Saturday, January 28, 2012
Winter Greens
Friday, January 27, 2012
They Arrived!
This is a temporary logo. Really. I do rather like it (it was a free hot pink chicken clip art!! Can you believe it? Pink!) but I think I need something a little more...flamboyant. I mean, if you are going to become a poultry mogul selling/giving eggs to three consistent customers, you are all about the fancy logo.
I keep wanting to open the fridge door and stare in at my new egg cartons. Is this healthy? Probably not. Is it making me happy on a snowy Friday afternoon? You betcha!
Thursday, January 26, 2012
January Blaaaaahs
Tuesday, January 24, 2012
Just Call Me the Rabbit Pimp of Prairie Farm
This morning, I woke up, went outside, and had one of those moments when you think to yourself: Huh. I never thought I'd be doing this before 7 AM.

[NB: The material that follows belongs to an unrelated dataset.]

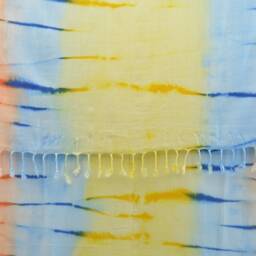 Batik Towel, Handmade Towel, Turkish Towel, Dye Beach Towel, 38''x65 - thumbnail 2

That's right folks, crank up your 48 of Barry White and switch on that sexy disco ball hanging from the ceiling of that vintage '70s porno set we all have tucked into our little vestigial brains. I was out there, in the cold, before dawn, encouraging two rabbits to have carnal relations, before my first cuppa of the day.
Twice.
Such is the life of a rabbit pimp. Little Mama apparently had a phantom pregnancy (okay, she just wasn't pregnant at all, no phantom involved). No kits arrived as per the rabbit delivery schedule (29 to 31 days post-climax). Let's just say that Bucky and Little Mama had a very....enthusiastic....reunion. I can't say that Little Mama really enjoyed herself, but Bucky had a fantastic time heaving and snorting and eventually rolling over backwards...after about 30 seconds of go-go time. This is why you can do rabbit breeding before heading off to work. In the time it took me to bang out the frozen ice cubes of water dishes and hand out dried apple slices to the spectators (yes, the other rabbits seem to like to watch, little sickos that they are), I was pretty sure that success happened and that Little Mama would likely be preggo by the end of the day. (You see, she ovulates AFTER copulation. Betcha didn't know that about rabbits, did ya?) After congratulating Bucky on his wonderful performance, I bundled Little Mama into her cage, bid everyone a peaceful day, and wandered inside for my hot cup of coffee.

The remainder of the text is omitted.